How do we transform our home worship place into a holy space?

Historically, many synagogues and even homes had a decorative work on the wall called a Shiviti, taken from the first Hebrew word of the verse, “I always set Adonai before me” (Psalm 16:8). This verse was typically written out in large letters and embellished with other devotional verses that formed decorative shapes, sometimes written in micrography (tiny letters). Hanging this devotional piece of Judaic art can turn our work space into a worship space; by displaying this artwork before or behind when on-screen, can remind you that holiness is always with and before you.

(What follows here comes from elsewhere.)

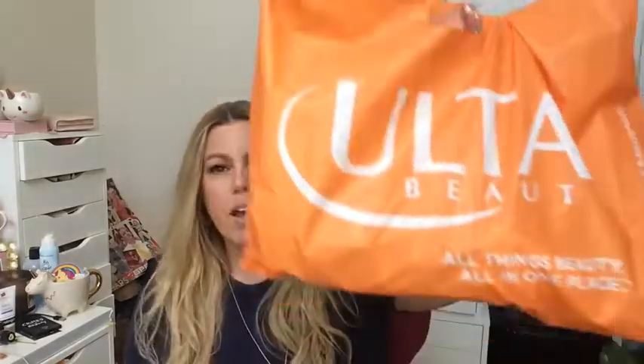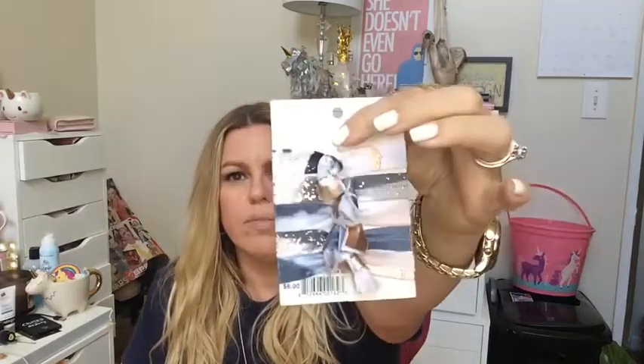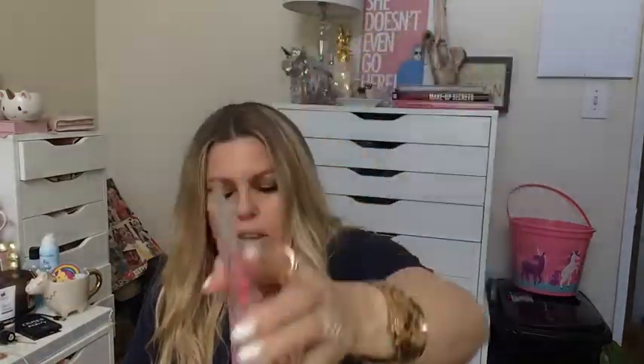And then I have one more bag. If you saw my previous Ulta hauls, I got the rose gold Caboodle. I saw it in a little size, so I got the mini one — it's just so freaking cute and I have plenty of stuff to put in it. And I love hair accessories, so I always go buy the hair things. I love Kitsch, and I saw these cute little ponytail things. And then I don't know what Pop Band is, but I love unicorns — you can spot all the unicorn stuff behind me — so I got these unicorn hair things.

We have taken inspiration from this tradition to commission a shiviti from artist and congregant Isaac Brynjegard-Bialikas a gift to you.

You may download it here

The Or Ami “Keren Ami Shiviti”
Cut-up comic books
Isaac Brynjegard-Bialik

I created the “Keren Ami Shiviti” for Congregation Or Ami in 2020 in advance of the 5781 New Year. The traditional shiviti (שויתי) dates back to the 18th century, as a way to contemplate the Divine. For this reason the shiviti often includes the four-letter name of God (or a variation thereof) and a representation of the Temple menorah. Shiviti is the first word of Psalm 16:8, and means “I have placed” — as in, “I have placed Adonai always before me.”

The “Keren Ami Shiviti” is structured around a verse from Talmud Berakhot 17A, which teaches that Rabbi Alexander would close all his prayers asking God to “place us in a ray of light,” which is the verse at the top, above the menorah: “אורה קרןְב ידנוִמֲעַתֶש” — “sheTa-amideinu b’keren orah” — from which this shiviti takes its name, which translates to “Ray [of Light] of our People”; the verse is a nod to the light in Or Ami (which can be found within the Talmud verse and also explicitly within the bar across the menorah).

All of my work incorporates cut-up comics, illuminating parallels between comic book mythologies and Jewish tradition to delve into the stories that make us human — and inspire us to be heroes and mensches. The comic book industry was started by Jews in the mid-20th century and is filled with stories and characters that are inspired by Torah. The comics used in this shiviti feature mystical heroes like Dr. Strange, inspiring heroes like Captain America and Wonder Woman, and Jewish heroes like The Thing (a member of the Fantastic Four, who has had a bar mitzvah and a Jewish wedding). The piece also includes textures drawn by legendary Jewish comic book artist Jack Kirby, and comic book speech bubbles with the words “light,” “home” and “peace” — as well as numerous abstractions of the Hebrew letter “shin” — short for “Shadai” (another name of God) and a reminder of the Divine, always before us.

It was an honor and a pleasure to create this shiviti for Congregation Or Ami, my family’s synagogue home; I hope it is an inspiration to our community in the same way that Or Ami is a light of inspiration for me and my family.